**Records to use**.
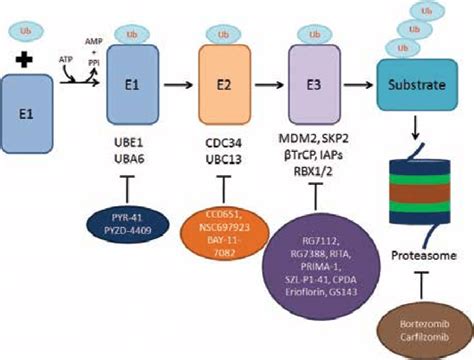 Schematic Representation Of Ubiquitin Conjugation Cascade And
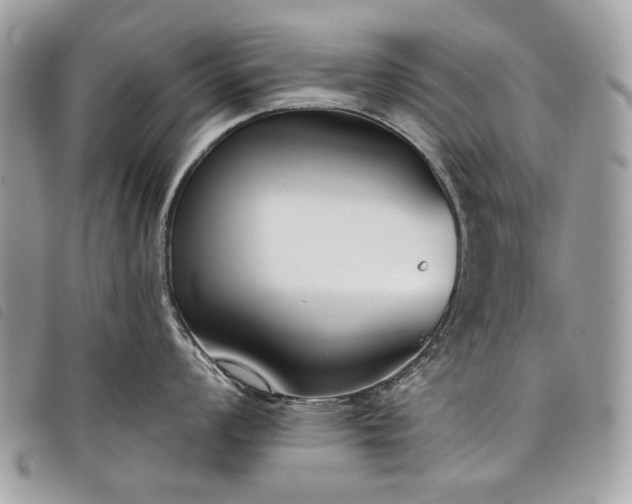 X0000098051008200804071502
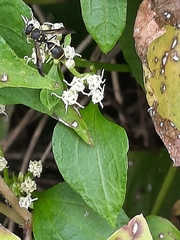 Apodynerus formosensis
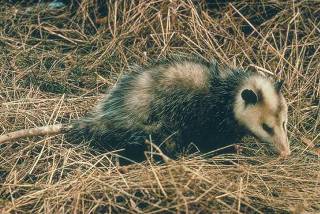 Opossum Opossum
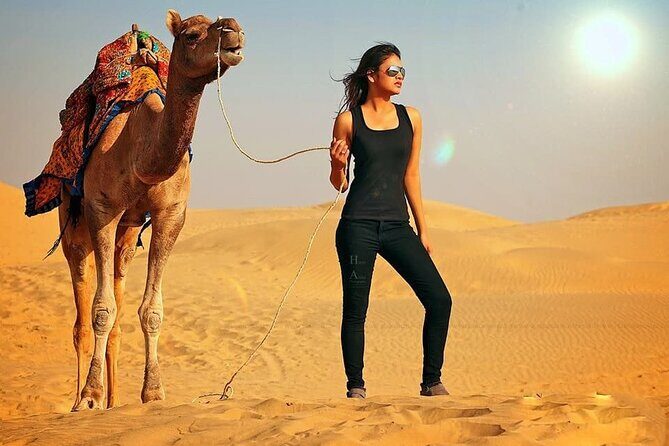Morning Red Sand Desert Safari with Camel Ride & Sand Boarding - The Journey to the Desert: Pickup and Transport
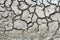 Dry soil surface with deep cracks. Drying pond. Global climate change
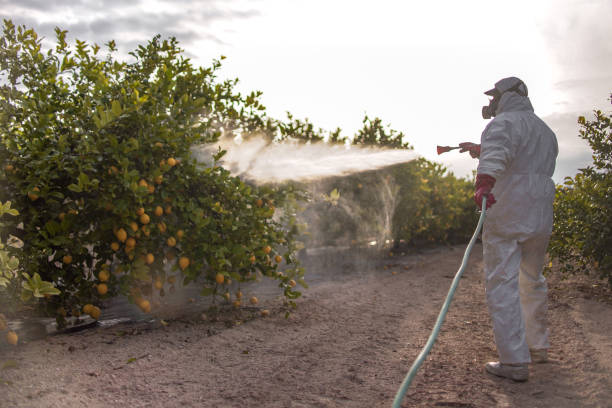 Best Pest Prevention Services  in Elmwood Place, OH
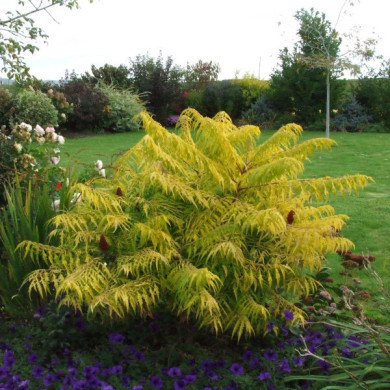 Rhus typhina Tiger Eyes® 'Bailtiger' c.o.v.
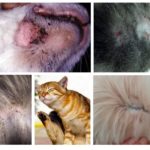 Các triệu chứng của bọ chét ở mèo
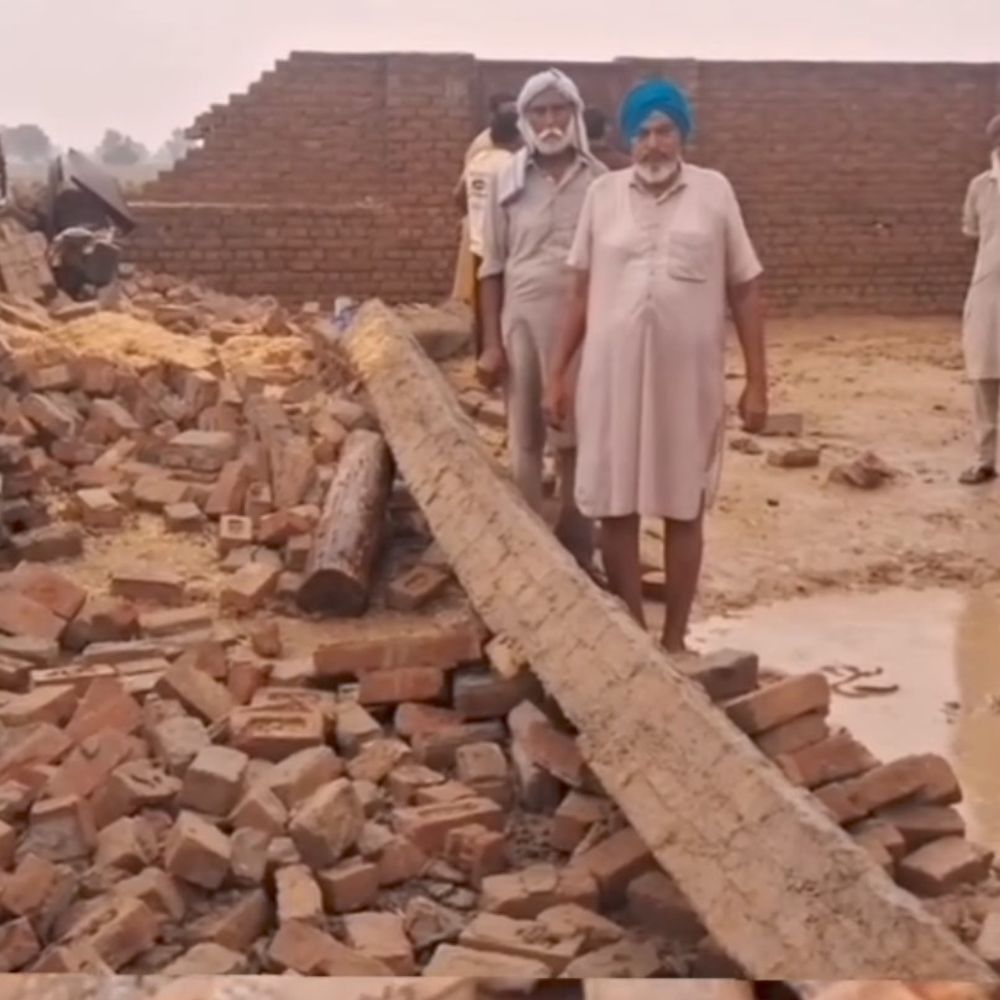 डबवाली में आसमानी बिजली गिरी, पशुबाडे़ की छत ढही:मलबे में दबकर कई पशु घायल, ग्रामीण बोले- पीड़ित किसान को मुआवजा दे प्रशासन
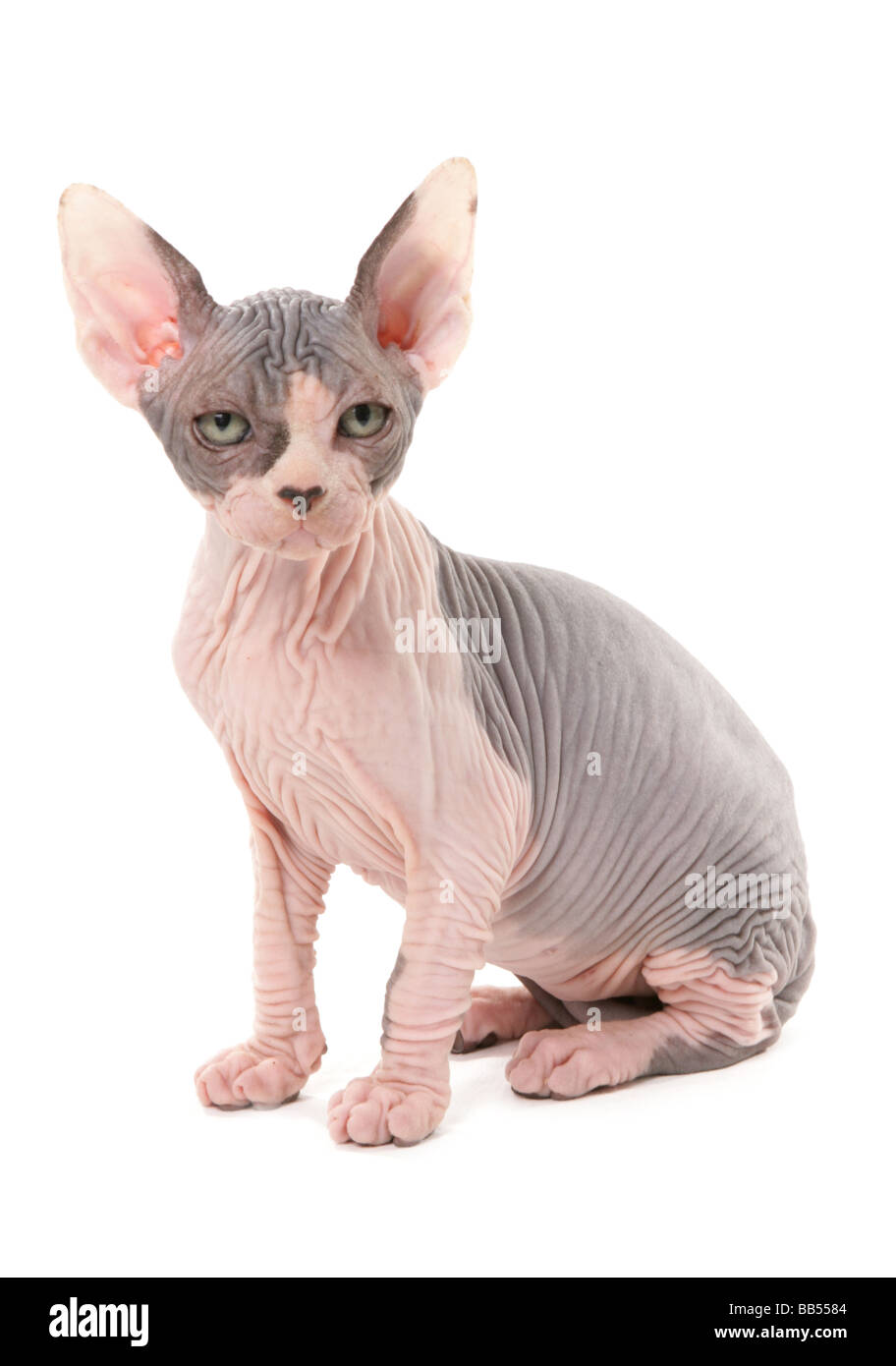 Sphynx Kätzchen sitzen Studio Stockfoto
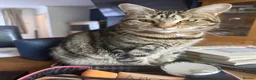 Domestic Shorthair cats for sale: A 4 year old female Domestic shorthair  - Advert 1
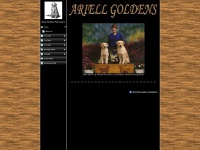 ariellgoldens.com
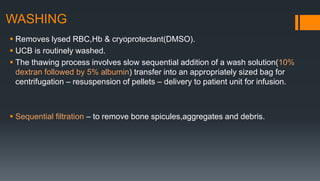 Lifeserve Washed Rbcs Unit Bone marrow and peripheral Hematopoietic stem cell collection and ...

**Exercise prompt**.
Pictures are to be dropped; every line of the records is to be returned unchanged.

**Answer section**.
 Schematic Representation Of Ubiquitin Conjugation Cascade And
 X0000098051008200804071502
 Apodynerus formosensis
 Opossum Opossum
Morning Red Sand Desert Safari with Camel Ride & Sand Boarding - The Journey to the Desert: Pickup and Transport
 Dry soil surface with deep cracks. Drying pond. Global climate change
 Best Pest Prevention Services  in Elmwood Place, OH
 Rhus typhina Tiger Eyes® 'Bailtiger' c.o.v.
 Các triệu chứng của bọ chét ở mèo
 डबवाली में आसमानी बिजली गिरी, पशुबाडे़ की छत ढही:मलबे में दबकर कई पशु घायल, ग्रामीण बोले- पीड़ित किसान को मुआवजा दे प्रशासन
 Sphynx Kätzchen sitzen Studio Stockfoto
 Domestic Shorthair cats for sale: A 4 year old female Domestic shorthair  - Advert 1
 ariellgoldens.com
 Lifeserve Washed Rbcs Unit Bone marrow and peripheral Hematopoietic stem cell collection and ...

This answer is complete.